Published:September 29, 2017 1:44 pm
Regulator TRAI today rejected argument that reduction in mobile call connection rates has any linkage with financial stress in the telecom sector, saying the charges are not meant for making profit. “To my understanding there is no connection between stress in the telecom sector and IUC rates because rates cannot be profit vertical for any company. You get compensated for whatever work you do. Whether you are handling one call or 10 calls, you are not being paid less or being paid more. You don’t make a loss or profit,” Sharma said.
He was responding to a query over criticism over IUC reduction at the India Mobile Congress by Idea Cellular Managing Director and CEO Himanshu Kapania. Mobile companies currently charge 14 paise a minute for allowing a domestic call from a rival operator to terminate on their network.
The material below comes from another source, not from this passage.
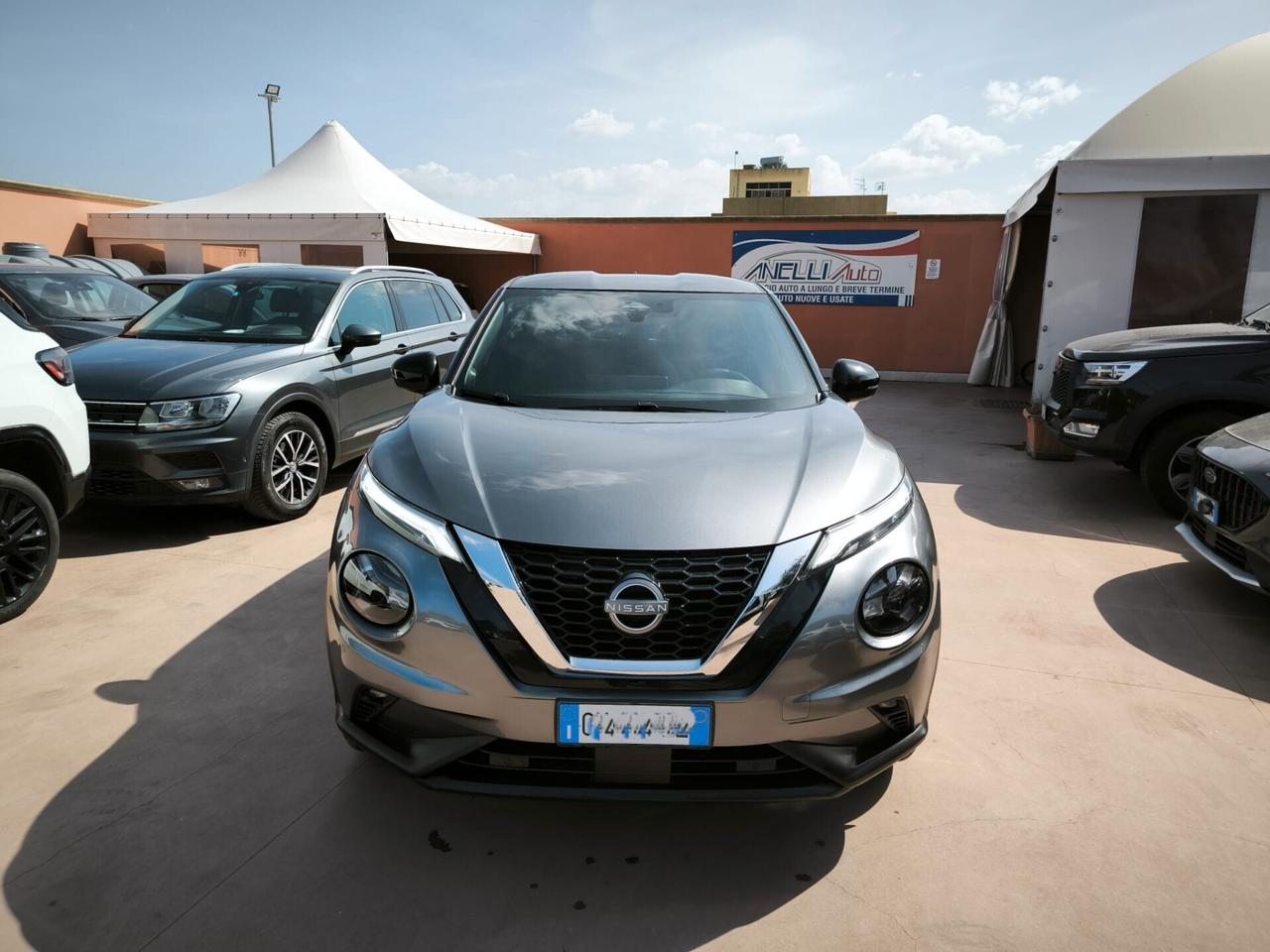Nissan Juke 1.0 DIG-T 114 CV N-Connecta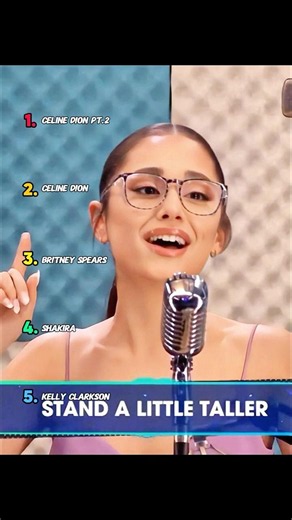 Ariana Grande's Best Impressions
This charge, called Interconnection Usage Charge or IUC, will be 6 paise per minute from October 1, 2017. Kapania had said recent market developments have drastically altered industry dynamics, resulting in the sector passing through a phase of severe “financial and mental stress”.
Terming the regulatory and financial issues being faced by the sector as the “elephant in the room that no one is talking about”, Kapania flagged the recent cut in IUC, firm spectrum prices and high levies like licence fee and GST as big constraints. He said that the reduction in call connect charges will further “deplete” the industry of investible funds. Sharma also rejected the allegation of giving preference to only Internet protocol (IP) based networks. “We are essentially nudging the network to go to IP which is much more efficient,” Sharma said.